Set down all of the data that follows word for word, without the images.

● STORED DATA
┌──

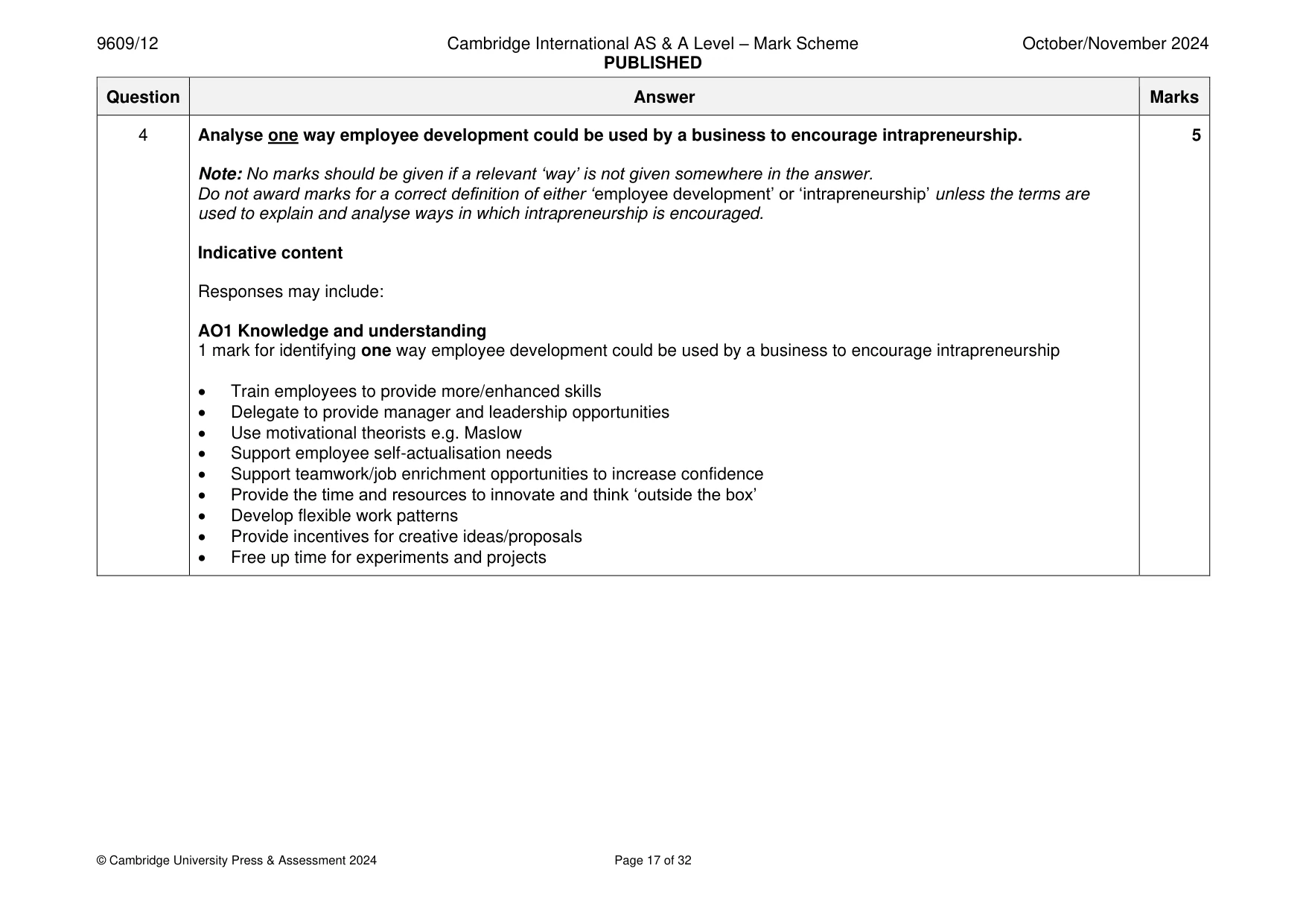 Mark scheme, page 17 of 32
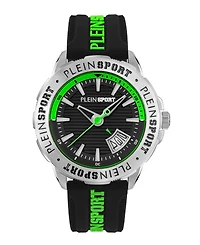 Plein Sport Mens Rampage 3 Hand Date Quartz Black Silicone Strap 44MM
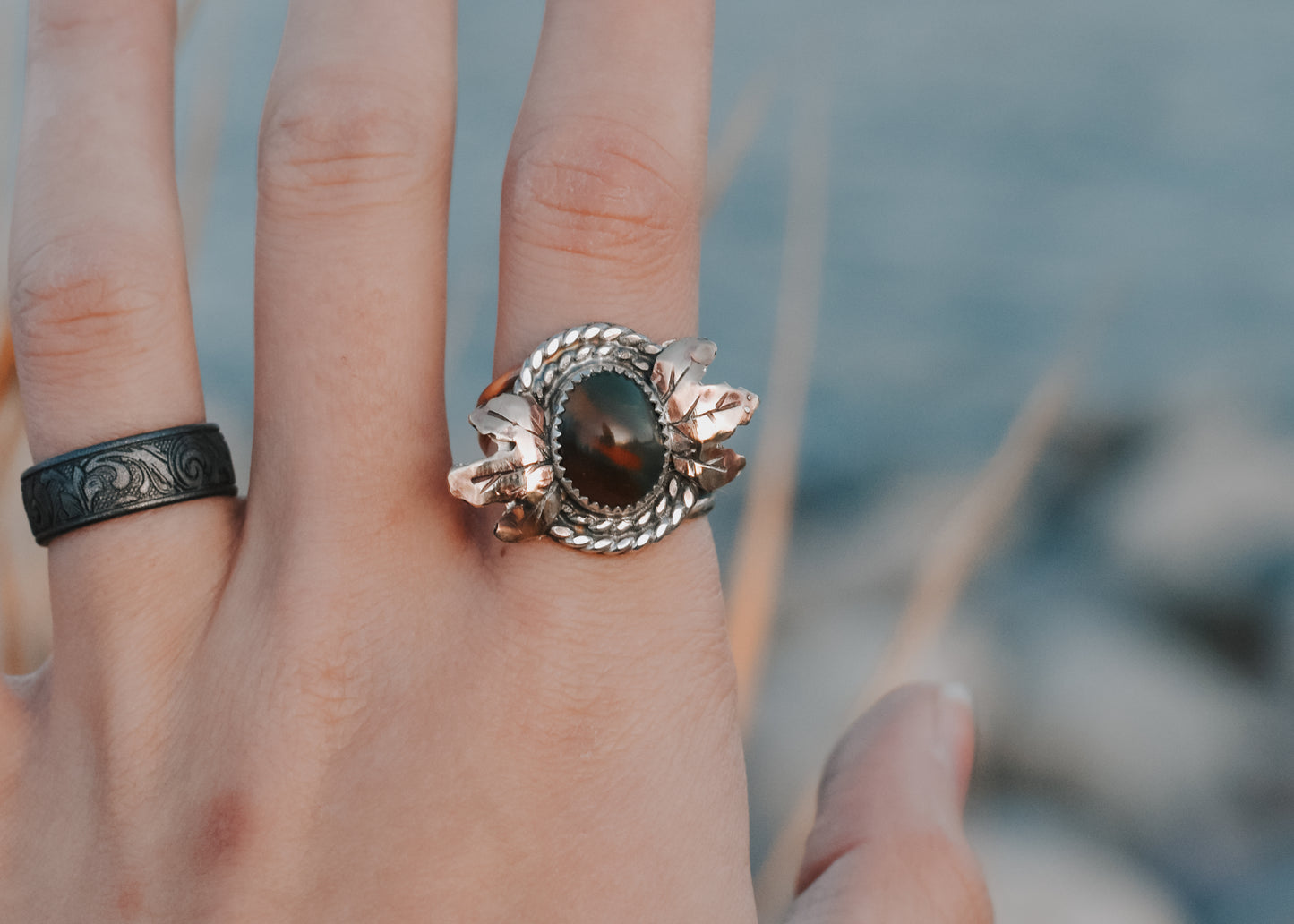 Green Jasper Leafy Twist Ring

└──

● WRITTEN SOLUTION
 Mark scheme, page 17 of 32
 Plein Sport Mens Rampage 3 Hand Date Quartz Black Silicone Strap 44MM
 Green Jasper Leafy Twist Ring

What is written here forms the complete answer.